Menurut saya ini karena kharisma Jokowi yang hebat. Ya hebat di tengah krisis (ketiadaan) pemimpin yang mau berbaur, mau nyambangi rakyat, mau mendengar langsung derita rakyat, dan kesederhanaan yang ditampilkan telah sedikit memberi harapan akan "kepemimpinan yang seharusnya". JOKOWI adalah oase. Bagaimana dia mau berdesak-desakan dengan warga, meninjau langsung banjir, kampung kumuh, pengapnya angkutan umum adalah aktifitas yang langka seorang pejabat negeri ini. Bagi yang apriori, ini akan dinilai sebagai pencitraan, apalagi yang dilakukan pada saat kampanye. Tapi terbukti ketika sudah menjabat pun Jokowi tetap saja blusukan. Nah kegiatan yang tidak main-main ini menjadikan kharisma tersendiri bagi Jokowi. Peran media pastilah ada dalam menyebarluaskan aktifitas Jokowi ini, tapi tetap saja 'perasaan publik' berbeda kalau bukan karena kesungguhan dari Jokowi sendiri.

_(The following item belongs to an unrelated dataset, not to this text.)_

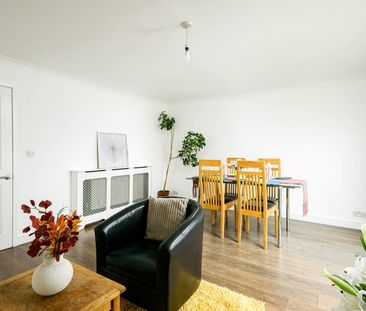 3 Bed Terraced House, Pinkhams Twist, BS14 - Photo 4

(Jokowi membedakan dengan pejabat yang dalam kunjungan ke daerah-daerah anak-anak sekolah dan warga berbaris di pinggir-pinggir jalan, melambaikan bendera saat pejabat itu lewat, diiringi voorrjder, dengan pegawalan ketat. Penuh protokoler, formalistik dan berkesan tidak tulus)

Kita lihat betapa para pemimpin politik dan calon pemimpin lainnya berusaha membangun citranya dengan memasang baliho dimana-mana, dicitrakan pro UKM, sering tampil di acara-acara TV (yang sebelumnya bukan merupakan kegiatan rutinnya), iklan radio/TV dan liputan-liputan media yang memang diarahkan untuk semakin menonjolkan popularitas calon pemimpin ini. Di belakangnya pastilah para ahli / konsultan media mengatur sedemikian rupa dengan target dan analisis tertentu. Tapi apakah pencitraan demikian akan mengena di hati rakyat? Apakah 'perasaan publik' akan 'ikhlas' menerima pemimpin yang by design dibesarkan media? Bukan besar dari dirinya sendiri?

Saya jadi ingat pepatah "kharisma tidak bisa dibeli". Apalagi kharisma pemimpin atau mereka yang ingin jadi pemimpin. Secara guyon teman saya berkata: ada kharisma yang bisa dibeli yaitu 'H*nda kharisma' (hmm... ini kan merk motor).